ある事業の関係で、2006年度の地域中小企業知的財産戦略支援事業で㈱ブライナさんが支援された㈱フィーサさんの事例(「中小・ベンチャー企業知的財産戦略マニュアル2006」の58-64p.)について調べる機会がありました。同社は、プラスチック射出成型ノズルの市場をリードする技術志向型の中小企業です。雑誌・発明の2011年2月号に同社の斎藤社長のインタビューが掲載されているのですが、以下の部分を非常に興味深く読みました。

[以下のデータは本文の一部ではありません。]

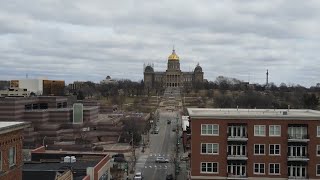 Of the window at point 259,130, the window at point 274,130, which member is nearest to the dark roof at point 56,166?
the window at point 259,130

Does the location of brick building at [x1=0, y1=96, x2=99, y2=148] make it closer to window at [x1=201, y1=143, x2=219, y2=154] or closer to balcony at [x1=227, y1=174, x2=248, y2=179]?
window at [x1=201, y1=143, x2=219, y2=154]

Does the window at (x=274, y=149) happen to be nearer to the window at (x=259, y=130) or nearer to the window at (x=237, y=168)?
the window at (x=259, y=130)

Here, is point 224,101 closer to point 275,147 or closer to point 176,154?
point 176,154

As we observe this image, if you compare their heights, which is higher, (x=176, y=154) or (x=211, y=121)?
(x=211, y=121)

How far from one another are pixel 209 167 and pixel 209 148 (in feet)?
5.00

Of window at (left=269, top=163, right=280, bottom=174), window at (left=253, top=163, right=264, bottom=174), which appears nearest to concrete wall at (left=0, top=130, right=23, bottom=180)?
window at (left=253, top=163, right=264, bottom=174)

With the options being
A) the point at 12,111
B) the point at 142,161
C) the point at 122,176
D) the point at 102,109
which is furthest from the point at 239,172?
the point at 102,109

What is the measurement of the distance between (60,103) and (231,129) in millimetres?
63327

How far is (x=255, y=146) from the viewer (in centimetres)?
3878

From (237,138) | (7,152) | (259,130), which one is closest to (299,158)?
(259,130)

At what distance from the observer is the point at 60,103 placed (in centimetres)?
9700

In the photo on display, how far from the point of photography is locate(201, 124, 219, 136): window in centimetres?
3909

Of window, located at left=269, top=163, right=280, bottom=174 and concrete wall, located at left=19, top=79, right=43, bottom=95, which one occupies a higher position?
concrete wall, located at left=19, top=79, right=43, bottom=95

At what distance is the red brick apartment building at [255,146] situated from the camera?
3856cm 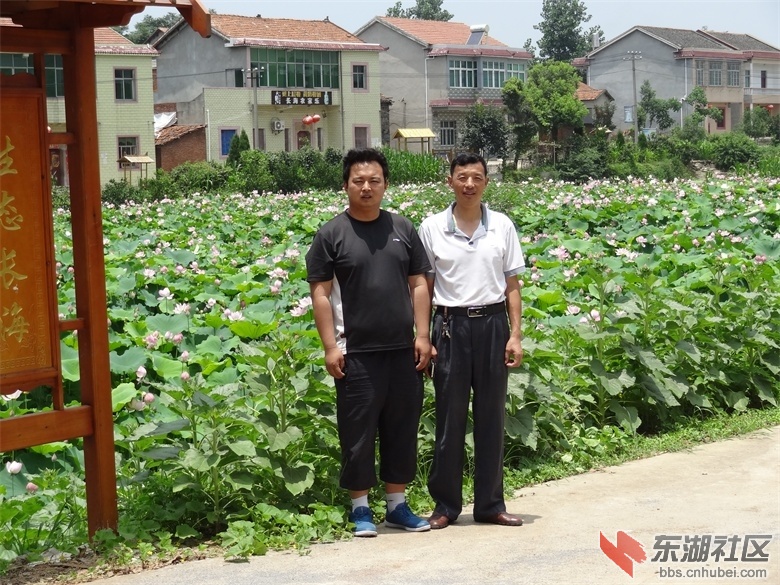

まず、支援を受ける前の「知財」の位置付けについて、次のように答えられています。
「『他社にまねされたら困る』。そのための知財という認識でした。」
そして、地域中小企業知的財産戦略支援事業における支援では、PDCAサイクルを意識しながら、経営者・部門長・開発者・企画室が連携した知財活動のワークフローが整備されます(「中小・ベンチャー企業知的財産戦略マニュアル2006」の62p.)。これによって、同社の知財活動は全社一体の組織的な取組みとなり、現在の知財に対する考え方について、斎藤社長は次のように答えられています。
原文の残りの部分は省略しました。